> With it turned on, keys are on your device, Apple doesn't have them and can't use them and it covers all the main stuff - photos, messages, notes, etc.
It's impossible to prove a negative, like "Apple doesn't have a backdoor". One can prove the existence of a backdoor by reverse-engineering suspicious code or network traffic, but not the nonexistence without poring over every byte of machine code, and quite a lot of the hardware too.
This is not unique to Apple, it's impossible to prove any system is free of a backdoor, including Linux distributions (see: the xz backdoor, or "Reflections on trusting trust"), unless you hand-crafted your whole smartphone from raw silicon.

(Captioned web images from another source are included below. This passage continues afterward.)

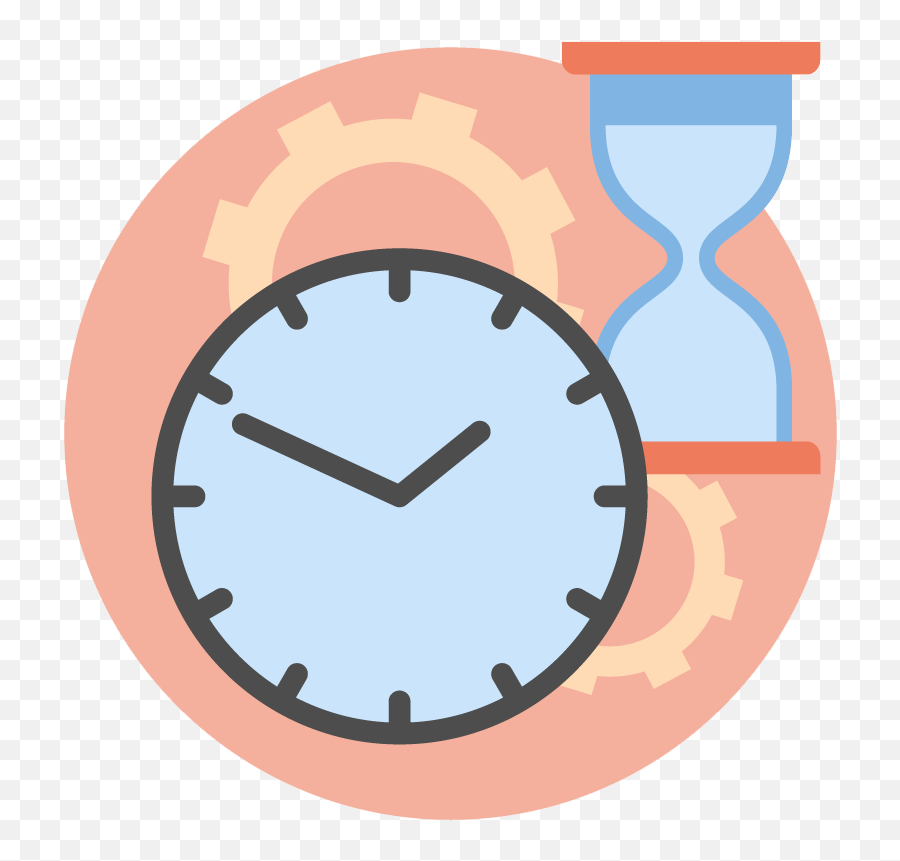 Time Management & Workflow Efficiency Icon - Free Download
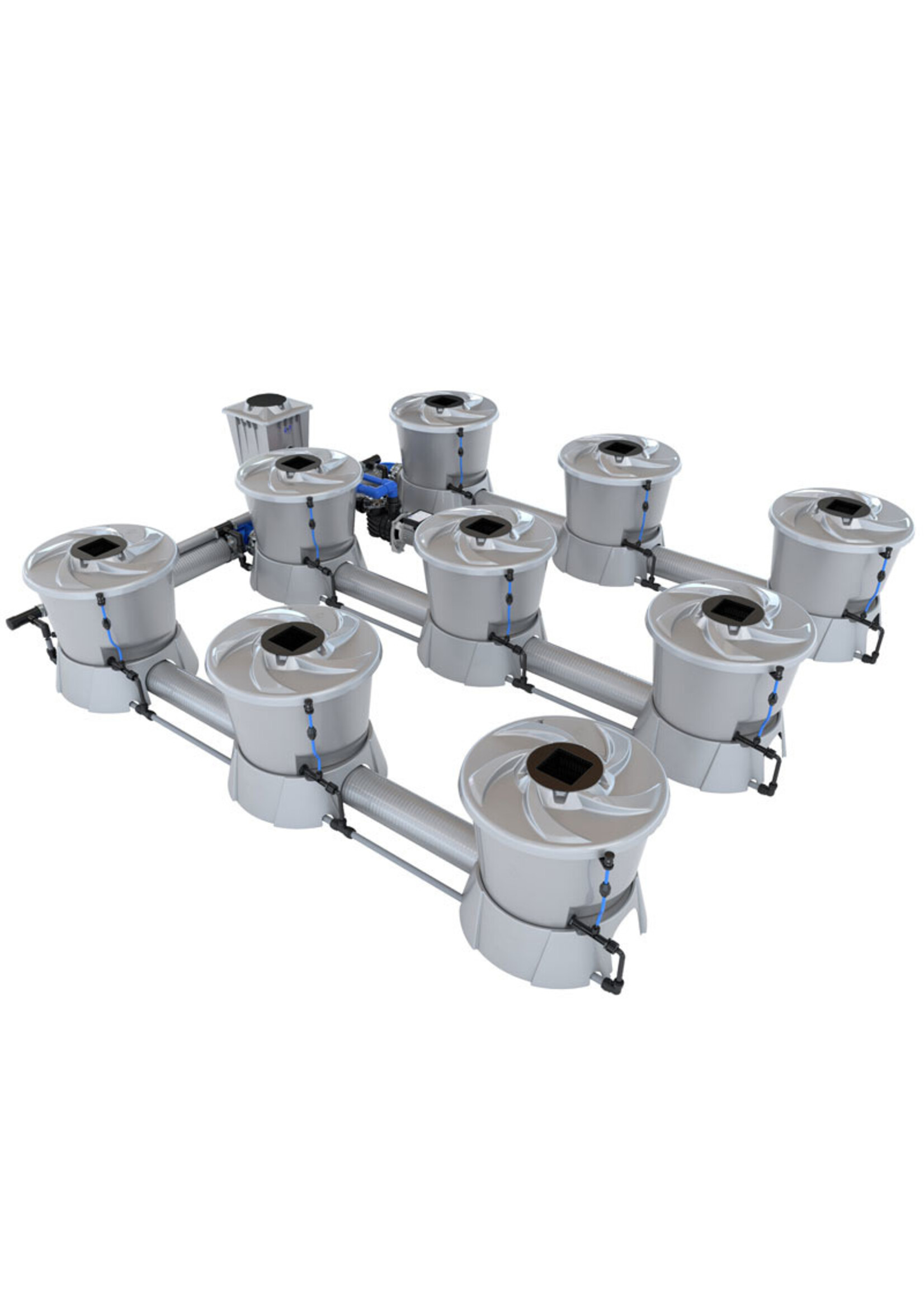 ALIEN HYDROPONICS ALIEN HYDROPONICS V-SYSTEM 4 - 12 POTS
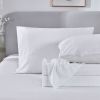 3/4 Piece Bed Sheet Set 1800 Count Microfiber Deep Pocket Hotel Bed Sheet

People reproducibly build Signal all the time. There's a bug right now that makes the play store version differ from the one you get by downloading off their website/build from source, but you can examine the differences to see they're minor.
Pick a decently up-to-date fork of Signal on GitHub and look at its Actions. You can also just do it yourself if you'd like, the process is effectively just doing a build in a docker container and comparing the result.
There is a dedicated reproducible builds action that verifies that it does match (currently failing because of the aforementioned bug). I'm not sure why you're still litigating this when, again, you can not only just go look at it, you can very much do it yourself.
Or so they say. Has that actually been proven?